In order to do that we take $ (1,2) \Rightarrow n=3, r=2 $. So a collection of $ (I_1, I_2) $ of pairwise disjoint subsets of $ {1, 2,3} $ can be $(I_1=\left \{ 2 \right \}, I_2= \left \{ 1;3 \right \})$. In fact there are other ones collection of $(I_1, I_2)$ that satisfies all the criterium. $D(n, i_1, \ldots, i_r) = \left \{ (I_1=\left \{ 1 \right \}, I_2= \left \{ 2;3 \right \}) ; (I_1=\left \{ 2 \right \}, I_2= \left \{ 1;3 \right \}) ; (I_1=\left \{ 3 \right \}, I_2= \left \{ 1;2 \right \}) \right \} $

2-
$\forall \sigma \in S_n$ is a bijective application from $\left \{1;2;...;n \right \}$ to itself. and because $\forall (I_1, \ldots, I_r) \in D(n, i_1, \ldots, i_r)$ the "$I_l$" form a partition of $\left \{1;2;...;n \right \}$ we get that $\sigma (I_1, \ldots, I_r) = (\sigma(I_1), \ldots, \sigma(I_r))$. In words $\sigma(.)$ acts on this family by permuting the elements of each subset $I_l$ according to $\sigma(.)$.

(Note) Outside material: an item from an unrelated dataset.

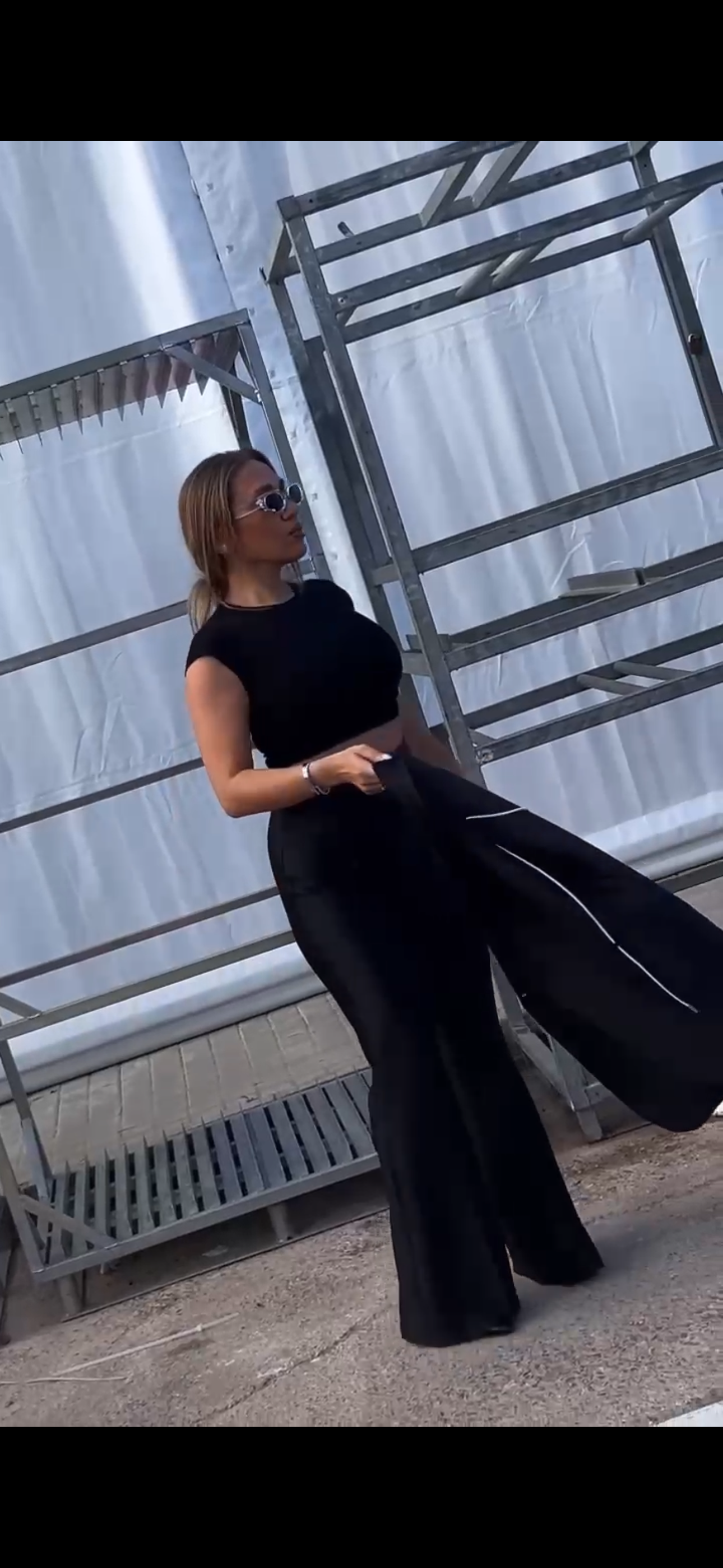 Conjunto traje pantalón con chaleco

After I have difficulties to answer and to show rigoursly the last part (conscerning the transitivity).
Moreover if you have any remarks on what I ve written in "1-" and "2-" I will be happy to read them.

Thank for your help.

Answer 1

The main problem in my understanding/ solving of this question is that I didn't know yet that we were talking about transitivity in a group. Indeed I thought that we were talking on the transitive relation. That's why now my question seems to me very basic. :'-) .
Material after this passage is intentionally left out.